Lt. Col. Nicholas Laliberte, materiel leader for SSC’s NGP program, said that the “successful CDR milestone shows the space vehicle meets standards and is on track to continue our launch planning efforts.”

The polar satellites are being developed by prime contractor Northrop Grumman, which is aiming for a 2028 launch.

SSC also recently announced [PDF] a small victory in getting the FORGE system into operations, with a first software package delivery to the Overhead Persistent Infrared (OPIR) Battlespace Awareness Center (OBAC) at Buckley SFB in Colorado.

“OBAC performs the Battlespace Awareness/Technical Intelligence mission in support of the Theatre missile warning for the United States Space Force,” said Lt. Col. Morgan Sparks, SSC’s materiel leader for the FORGE program, in an April 29 email. The new software, she explained, will increase cybersecurity and help OBAC operators in their battlespace awareness mission.

The new software “is focused on detecting [and] processing missile tracks around the globe in support of the Nation’s missile warning mission,” she said, and “is focused on data processing.”

The delivery included “a software package (mission processing application + services needed to run the application) as well as the software platform and supporting hardware,” Sparks said.

Specifically, it provides the base for the FORGE Mission Data Processing Application Framework (MDPAF), which is the open-source, software-centric backbone for collecting and processing data from the various missile warning satellites.

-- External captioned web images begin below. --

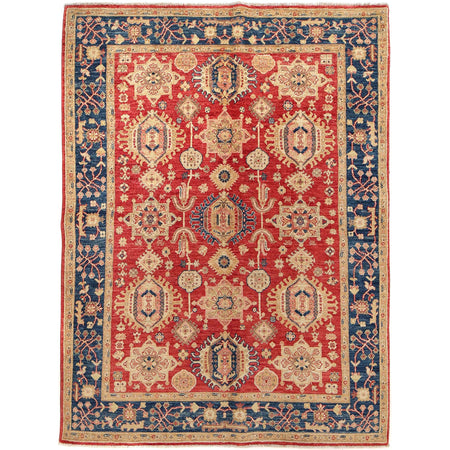 Heriz Area Rug Handmade Red Medallion 4x7 ft
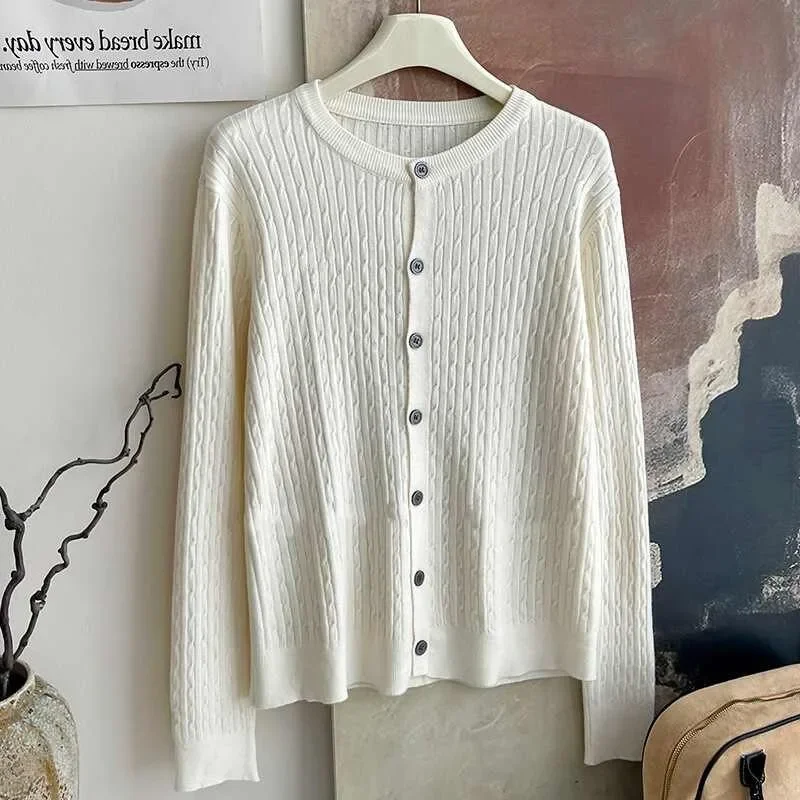 2025 New Casual Versatile Tops Autumn Winter Women's Crew Neck Cardigan Pure Color Long Sleeve Single Breasted Knitted Sweater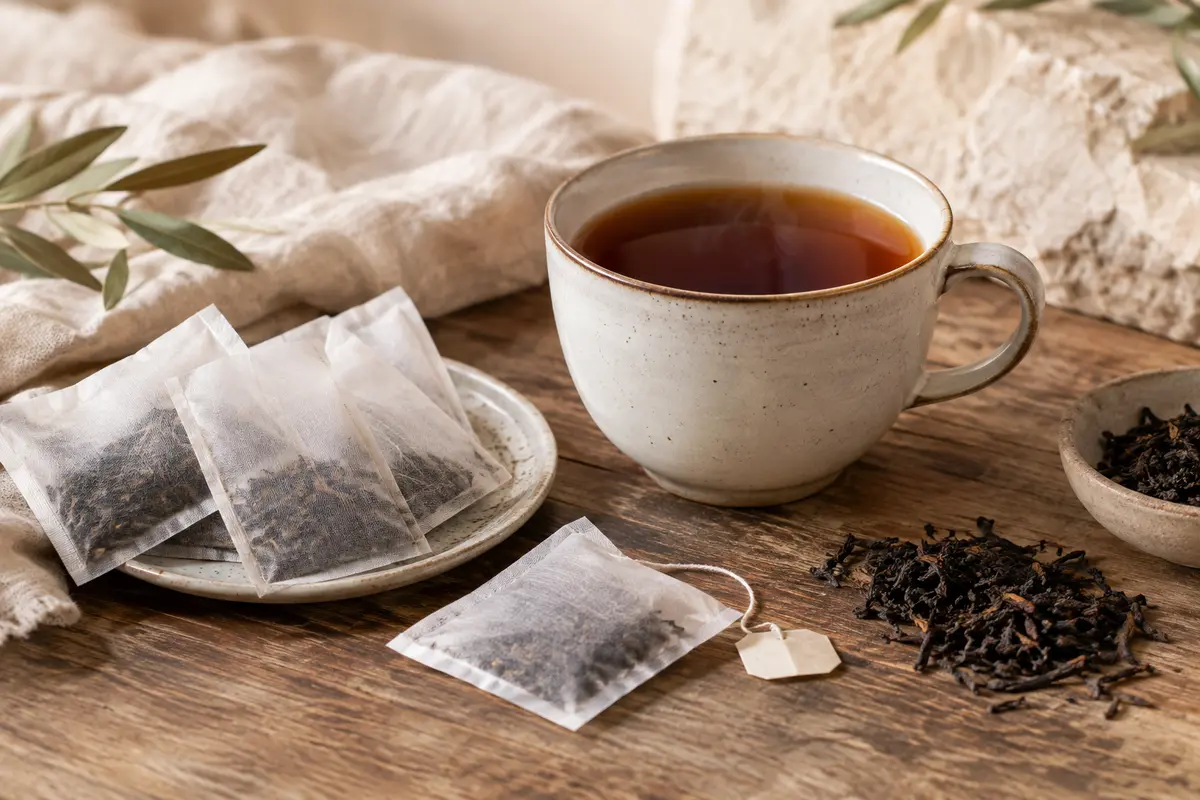 Tasse de thé noir décaféiné accompagnée de sachets sur une table en bois patiné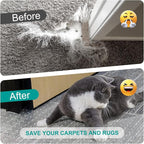 KHS 3.6FT Carpet Scratch Stopper, 2PCS Plastic Carpet Protector for Pets, Non-Slip Anti Scratch Under Door Cat Scratch Protector Mat, Easy to Cut Cat Scratch Protector Mat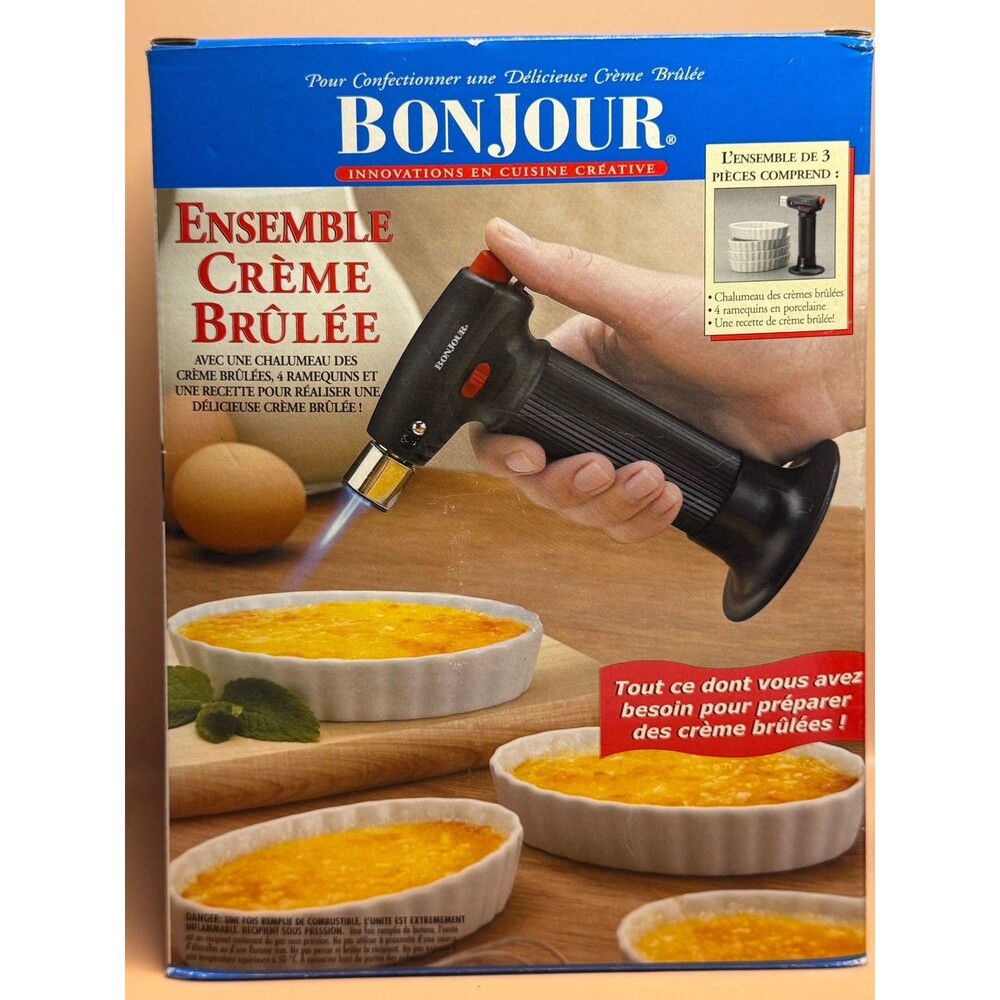 BONJOUR Crème Brûlée Set With 4 Porcelain Dishes NEVER USED (Bx 13)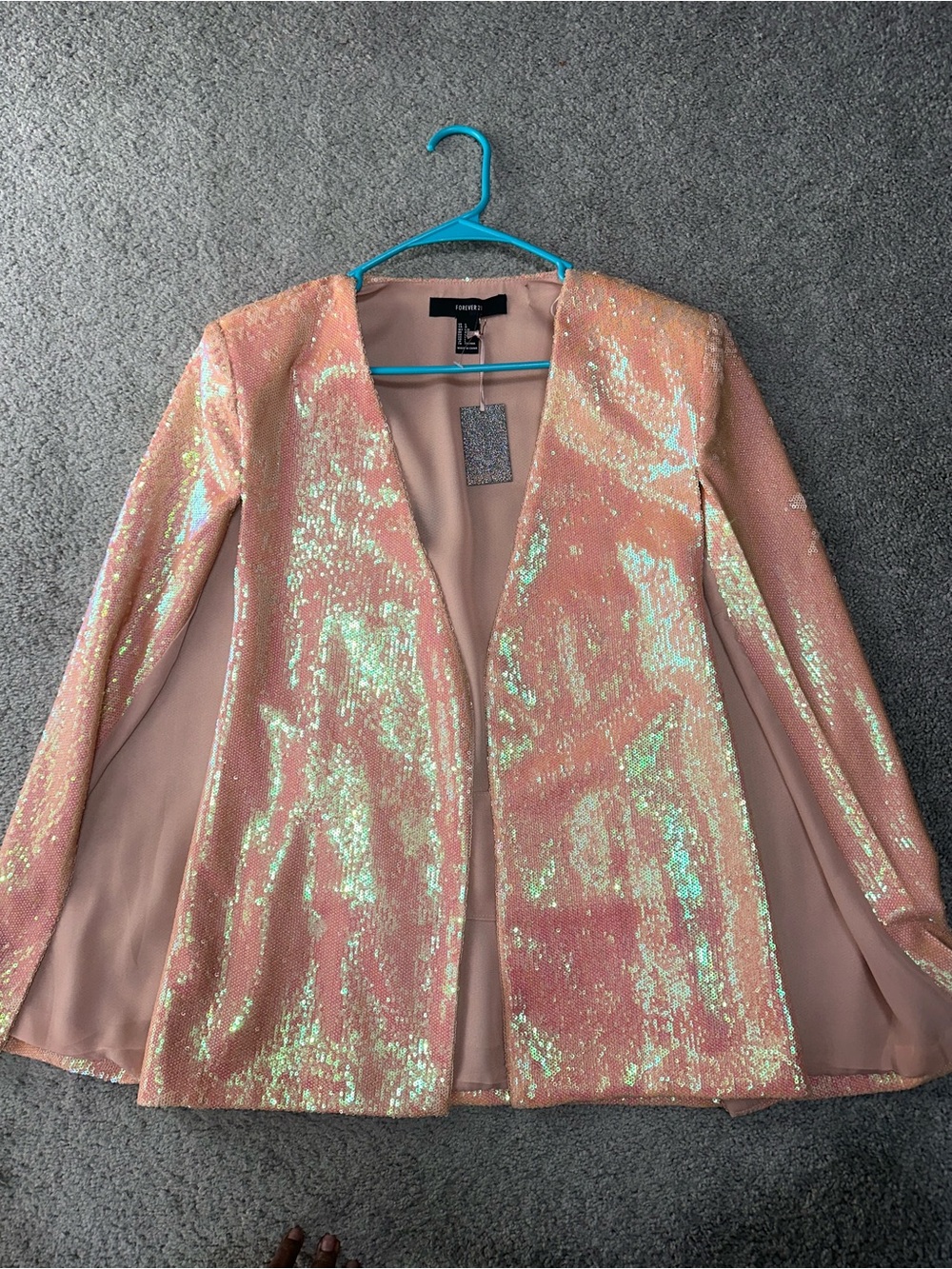 Forever 21 Iridescent Pink Sequin Blazer Brand New Size Large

Sparks added that the new software “provides significant cybersecurity improvements over the current system. In addition, it is the delivery of a [government-]owned, open, modular architecture to ensure that we can rapidly respond to adversarial threats with the best capabilities provided by a variety of industry partners.”

It will be followed by “a second operational delivery following later this year with an additional mission data processing application suite,” she said. “Additional capabilities will be incrementally delivered to keep pace with the threat, including extending FORGE to the strategic ITW/AA [Integrated Tactical Warning and Attack Assessment] mission in 2026.”

However, what this first FORGE product delivery does not do is move the ball on the lagging FORGE C2 software, which will be required to operate the Next-Gen OPIR satellites. The current plan is for an “interim” C2 system built by Lockheed Martin to provide baseline capabilities for launch, early on-orbit testing and  command and control capabilities for launch, early on-orbit testing, and initial operations.

And Back: Next-GEN GEO Launch May Slip To 2026

Meanwhile, first Next-Gen GEO bird is running about a year behind schedule, due to issues with its sensor payload being also built by RTX — although both the Space Force and prime contractor Lockheed Martin up to now have been hoping to be able rejigger activities in order to meet the 2025 launch date.

However, in testimony before the House Armed Services Committee (HASC) on April 30, Frank Calvelli, the Air Force’s head of space acquisition, appeared to be laying the groundwork for that date to slip. While saying that the Next-Gen GEO “is continuing to make progress,” he raised the prospect that the first satellite might not be launched until 2026.

“We have some challenges making sure that the mission payload gets delivered. It’s about a year late and we’re tracking that really closely. It should arrive this summer for integration into the satellite and for a launch in … early ’25 or early -26,” he said.